ANN ARBOR – Michigan’s nearly $3.2 billion recreational marijuana market is bolstered by the tens of thousands of customers from Ohio who can get to Monroe Township’s so-called “green mile” off I-75, just 11 miles north of the border. But some of those sales could return to Ohio in the next couple of years as its own recreational market, opening this year, grows.

Michigan’s status as the Midwest’s top weed-selling state — its $3.2 billion in annual sales bolstered by residents from neighboring states — faces a new challenge: Ohio will soon have its own burgeoning recreational cannabis market.

That change, starting as early as this month, is expected to take a bite out of Michigan’s cannabis sales, which at times have even surpassed sales in California, a state with four times the population and a long history of legal marijuana use.

But it could take years before Ohio’s market matures enough, experts say,  to stop the thousands of Ohioans from crossing the border for their weed needs.

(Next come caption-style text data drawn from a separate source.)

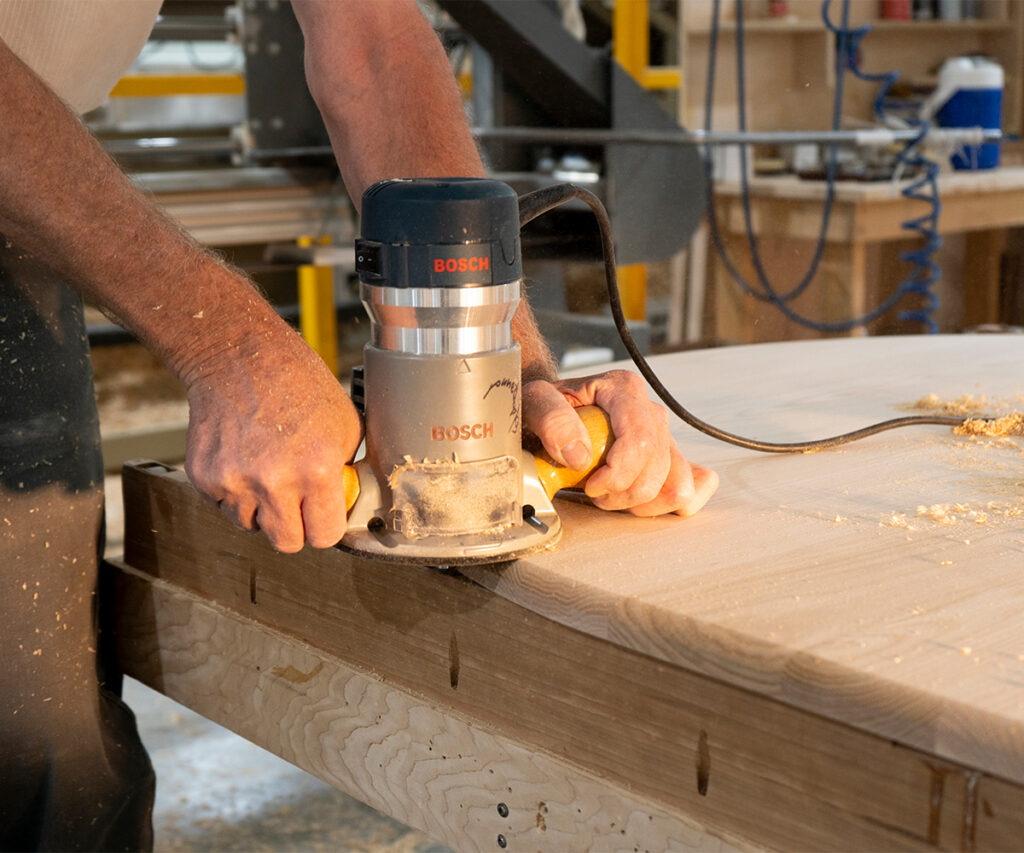 Woodworker routing oak tabletop edge with handheld Bosch router.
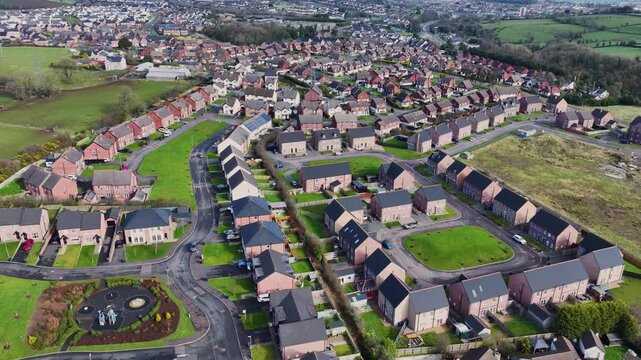 Aerial video of Residential homes in Larne Town Co Antrim Northern Ireland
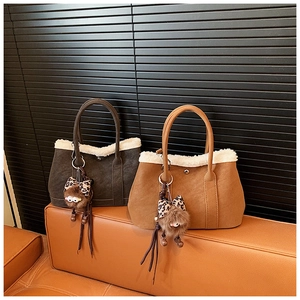 Detail of retro tote bags with faux shearling trim and leopard bow charms in rich brown tones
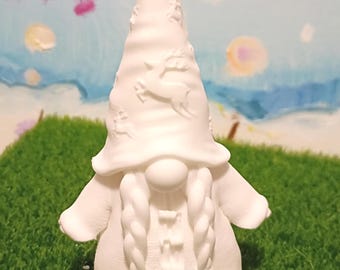 May include: A white ceramic gnome figurine with a pointed hat and braided pigtails. The hat is decorated with embossed deer and floral designs. The gnome wears a coat with a buttoned closure.
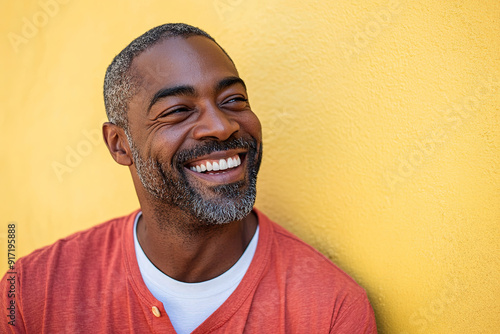 Sunlit Headshot of a Black Man in Red and White, Laughing Heartily with a Clean Focus and Professional Color Grading, Against a Yellow Wall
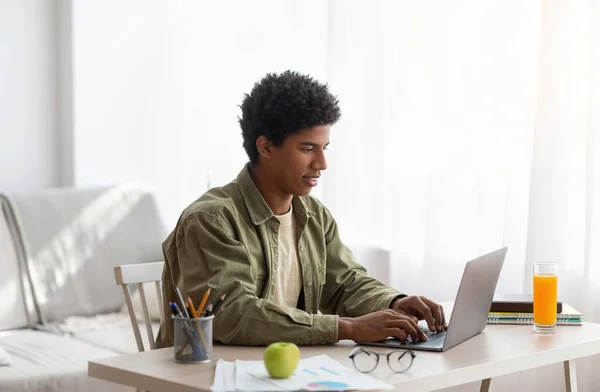 Alegre preto teen cara ter vídeo conferência no laptop com professor de casa — Fotografia de Stock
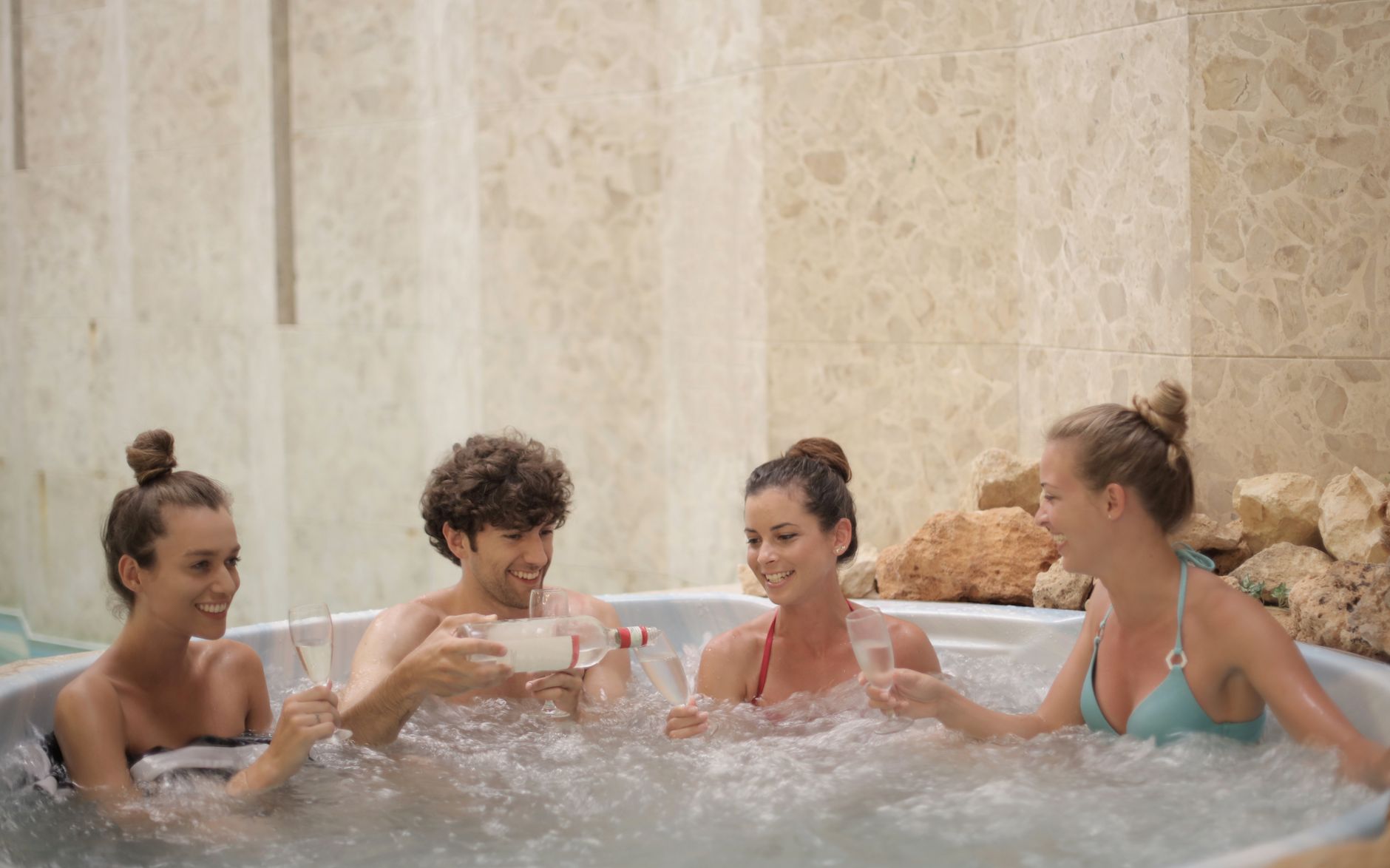 Przyjaciele relaksują się z drinkami w krytym jacuzzi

“Usually it takes 18 to 24 months just to start off a program … and get something up and running,” said Beau Whitney, chief economist for the National Industrial Hemp Council of America.

That gives Michigan’s retailers — and the municipalities getting hundreds of thousands of dollars in marijuana tax money — some time before they face substantial competition.

As of now, there’s not much competition, said Andrew Narvaez, a Toledo resident who talked with Bridge Michigan as he visited King Budz, a marijuana retailer just 12 miles north of the Ohio border.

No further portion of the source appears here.